High CPU usage in worker nodes

We are using Temporal as a microservice orchestrator. We call close to 20 microservices. Most of the microservices return within a second, they have been defined as local activities. 3 APIs take 10-15 seconds, they are executed asynchronously using ActivityCompletionClient in normal activities.

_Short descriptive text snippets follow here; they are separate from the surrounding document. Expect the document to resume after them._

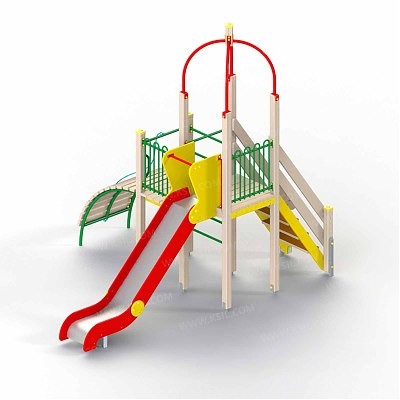 Детский игровой комплекс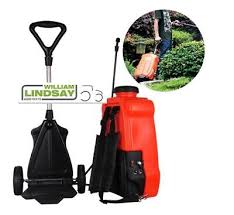 16l Deluxe Battery Power Trolley Or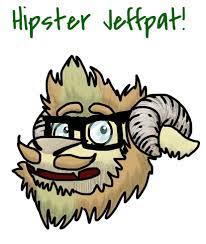 JeffPat is a hipster?! by CorzaEve -- Fur Affinity [dot] net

During the performance test, we found that the activity/workflow worker node CPU is the bottleneck as it approaches 100%. We are using the following configuration:

WorkerOptions workerOptions =
        WorkerOptions.newBuilder()
            .setMaxConcurrentActivityExecutionSize(150)
            .setMaxConcurrentWorkflowTaskExecutionSize(150)
            .setMaxConcurrentLocalActivityExecutionSize(150)
            .build();

    WorkerFactoryOptions workerFactoryOptions =
        WorkerFactoryOptions.newBuilder()
            .setActivityInterceptors(new MDCActivityInterceptor())
            .setMaxWorkflowThreadCount(450)
            .setWorkflowCacheSize(450)
            .build();

We are unable to find any obvious problem from the thread dump. While we are working to optimize our code, we wanted to understand if any Temporal config changes can help us.

Ideally, you would use some sort of CPU profiler to find such bottlenecks. In Java, GC can also cause high CPU.

You can also rate-limit the number of workflow tasks the worker is allowed to process per second.